Some corporations try to instill a startup mentality in their employees by
letting them propose product ideas and by doing some of the implementation on
company time. I'm not sure how they reward these employees, and I'm not sure
how motivated these employees would remain if they come up with a million
dollar idea, but only get a $50 gift card for their troubles.

In the end there is no substitute for a real startup.

------
dmoney
I haven't been a part of a startup, but I'm at a company that's been
reorganizing around an agile methodology, paying some lip service to "self-
organizing teams." I think one of the problems with doing this is that if this
methodology is imposed from the top down, you get the sense that this is "just
a bunch of crap that management is making us do". So I think a good idea would
be to have the team figure out how they want to do this reorganization
(possibly suggesting the kind of atmosphere you're going for). That way they
will have some stake in making this work, because it was partially their idea.
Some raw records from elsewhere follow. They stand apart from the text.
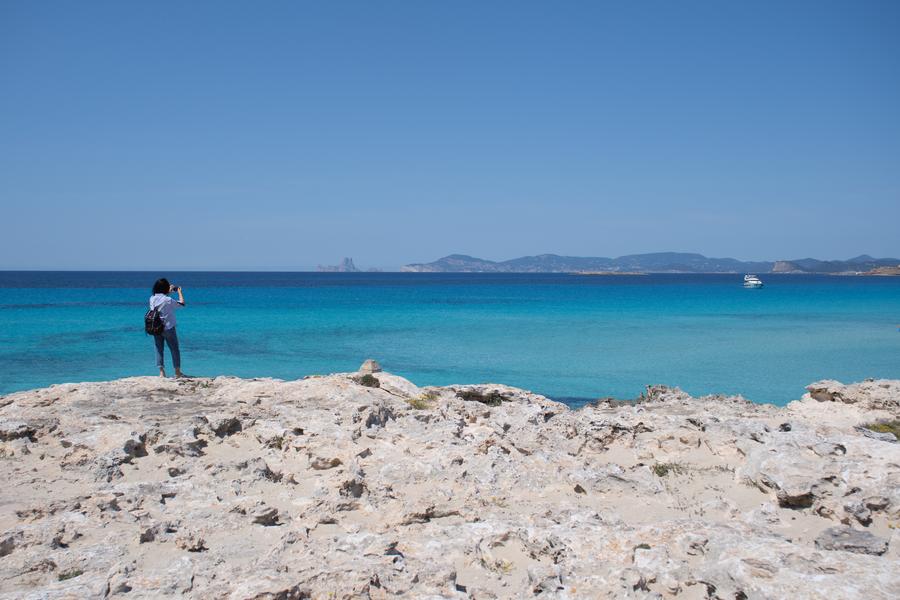 เกาะอิบิซา (Ibiza) และเกาะฟอร์เมนเตรา (Formentera)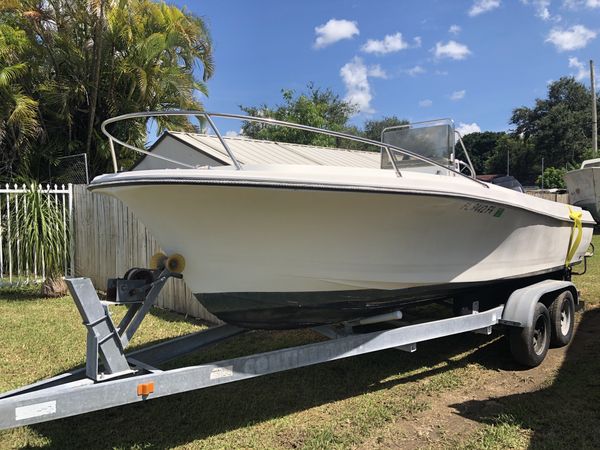 1988 wellcraft 20 ft center console water ready for Sale in Miami, FL ...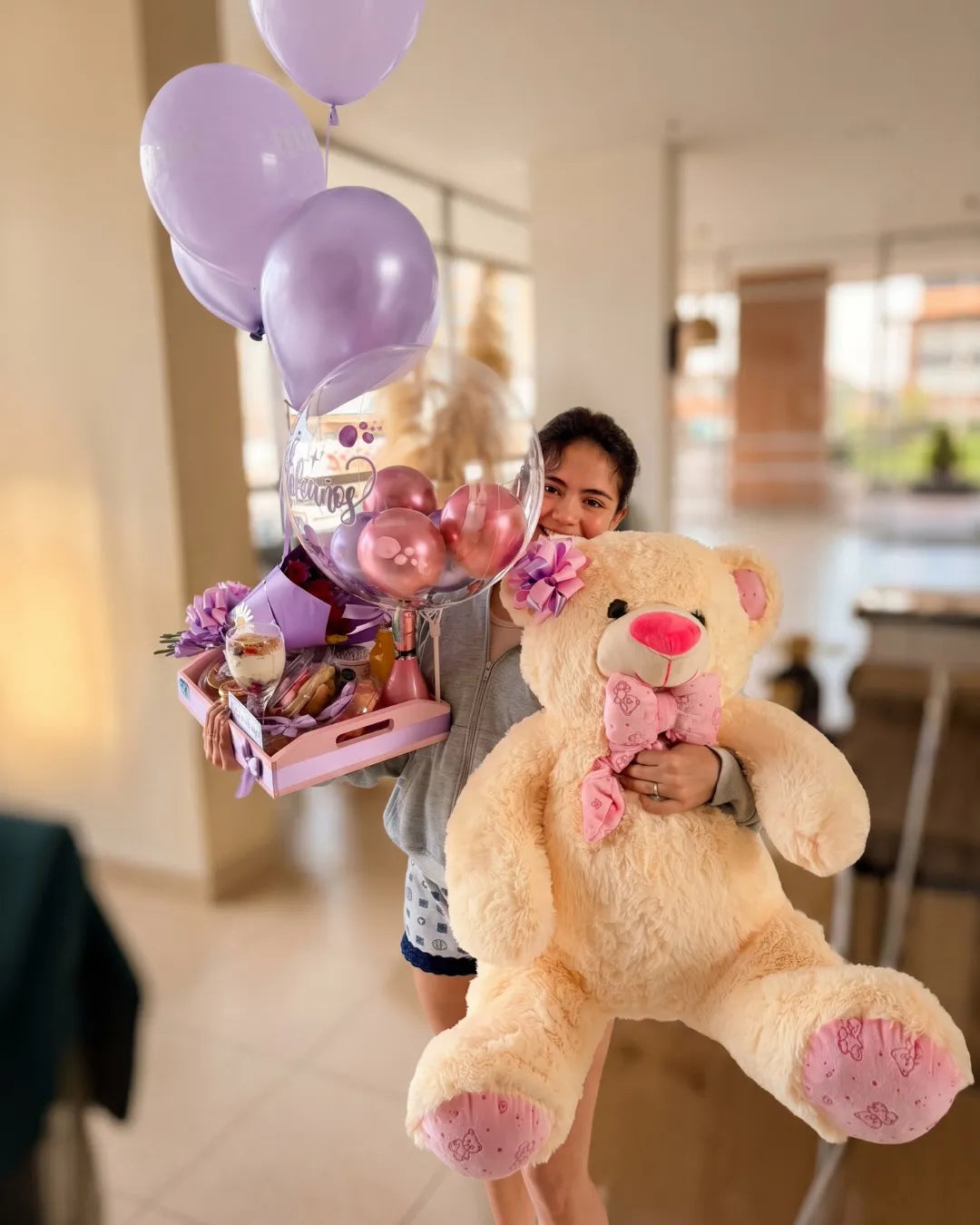 Peluche y globos con desayuno, tonos suaves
Secondly, in a startup, in an early stage, it's a couple guys in a garage, and
there is no management. That means if it's like a startup, it's a problem to
try and factor you as a manager into the equation. So you should make a deal
up front what kind of management you will do. Just keeping upper management
off their backs? Or will you be on the team yourself in some capacity?

------
vlad
On a different note: PG, here's a bug I found.

The text under the submission form says:

"Leave url blank to submit a question for discussion. If there is no url, the
text _(if any)_ will appear at the top of the comments page. If there is a
url, the text will be ignored."

It seems the text is no longer optional when url is left blank. Therefore,
this should be reworded to something like:

"If you submit a url, the text will be ignored. If you leave url blank to
submit a question for discussion, the text will appear at the top of the
comments page."

(I know you can come up with better re-wording but I'm curious to compare.)